I am working with a team which uses two data sources.
- MSSQL as a primary data source for making transaction calls.
- ES as a back-up/read-only source of truth for viewing the data.
e.g. If I put an order, The order is inserted in DB, then there is a RabbitMQ listener/ Batch which then synchronizes the data from DB to ES.
Somehow this system fails for even just a million records. When I say fails, it means the records are not updated in ES in timely fashion, e.g. Say I create a coupon, then the coupon is generated in DB, when the coupon is generated, customer tries to redeem it immediately, although ES doesn't have the information about the coupon yet, so it fails. Of course there are options to use RabbitMQ's priority Queues etc, but the questions I have got are very basic
I have few questions in my mind, which I asked to the team, and still haven't got satisfactory answers
- What is the minimum load should be expected when we use elastic search, and doesn't it become an overkill if we have just 1M records.

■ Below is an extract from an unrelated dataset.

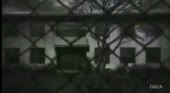 1557899292504.mp4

- Does it really makes sense to use ES as source of truth for real-time data?
- Is ES designed for handling relational-like databases, and to handle the data that gets continuously updated? AFAIK such search-optimized databases are once write, multiple read kind.
- If we are doing it to handle load, then how will it be different than making a cluster of MSSQL databases as source of truth and using ES just for analytic?
The main question I have in mind is, how we can optimize this architecture so that we can scale better?
PS: When I asked minimum load, what I really meant is what is the number of records/transaction for which we can say ES will be faster than conventional relational databases? Or there is no such term at all?